Do not repeat pictures. Repeat exactly the lines of the listing below from its first line through the line with "PAPATYA XSera-S 1er-Set".
DATASET SECTION below:
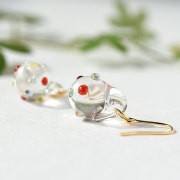 つぶつぶピアス・つぶつぶイヤリング【クリアガラス・カラー】／吉田 成美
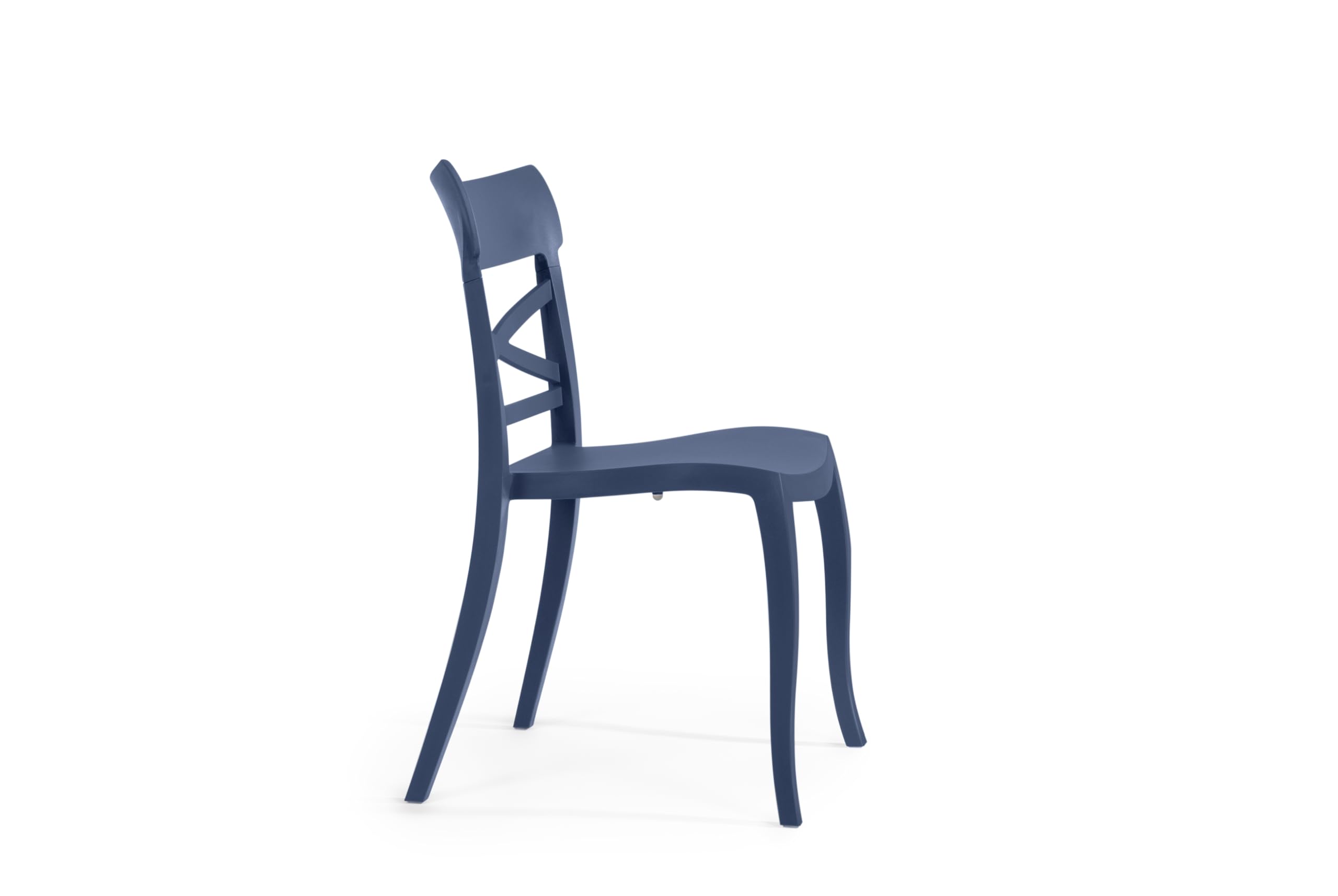 PAPATYA XSera-S 1er-Set Designer- Kunststoffstuhl, 200 kg belastbar, Leichter stapelbar Gartenstuhl, wetterfester Balkonstuhl, Terrassenstuhl, Hotelstühle, Restaurantstühle, Stapelstuhl (Dunkelblau)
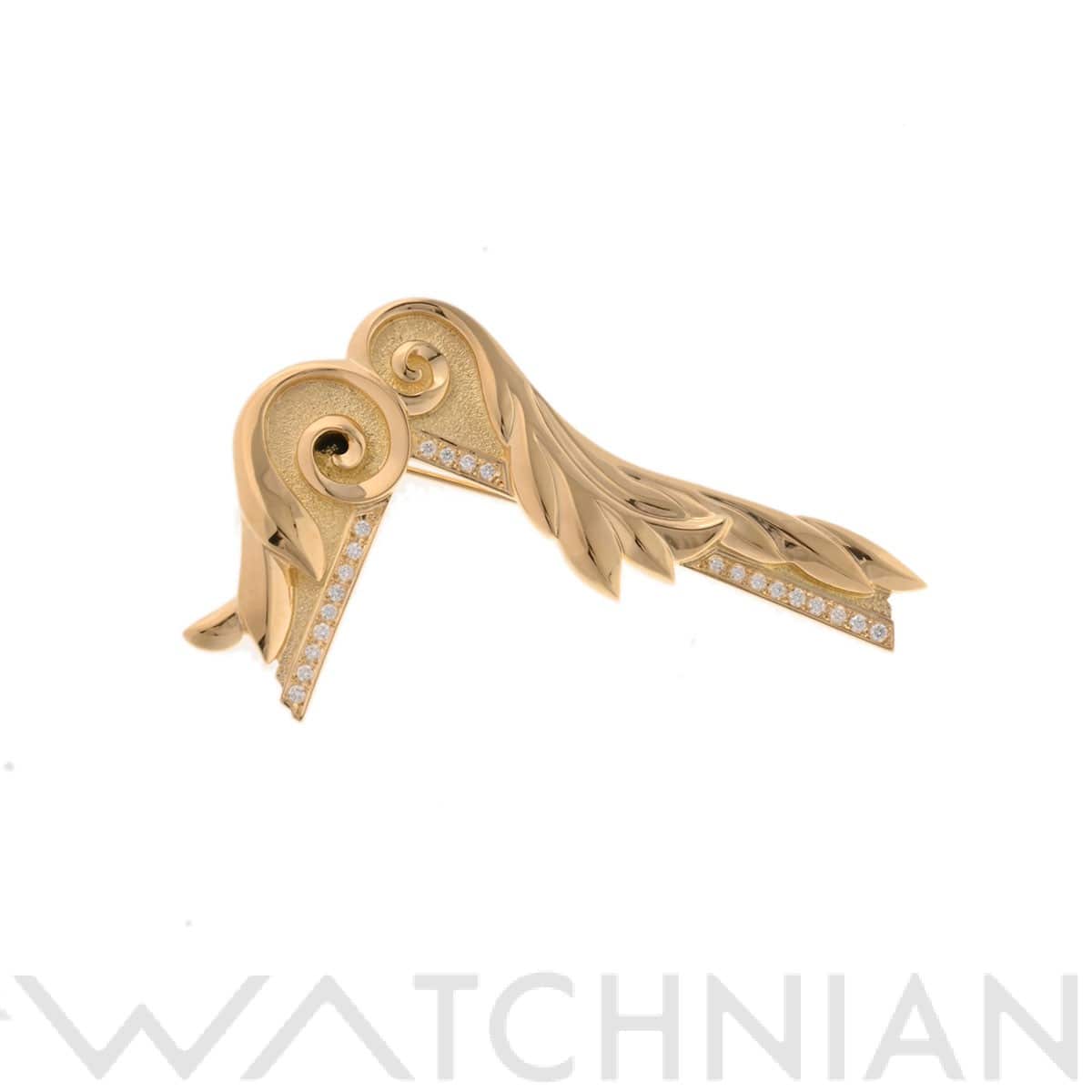 ミキモト 羽モチーフ ダイヤブローチ 0.29ct ゴールド K18イエローゴールド YG レディース ジュエリー 【中古】【jewelry】
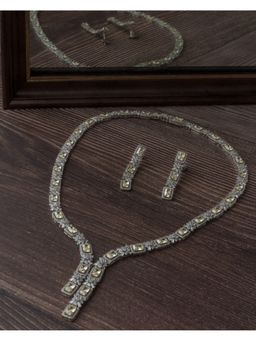 VIVINIA By Vidhi Mehra - Silver Plated Yellow Womens Short Necklace Set With Earrings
End of DATASET SECTION.
### TASK OUTPUT:
 つぶつぶピアス・つぶつぶイヤリング【クリアガラス・カラー】／吉田 成美
 PAPATYA XSera-S 1er-Set Designer- Kunststoffstuhl, 200 kg belastbar, Leichter stapelbar Gartenstuhl, wetterfester Balkonstuhl, Terrassenstuhl, Hotelstühle, Restaurantstühle, Stapelstuhl (Dunkelblau)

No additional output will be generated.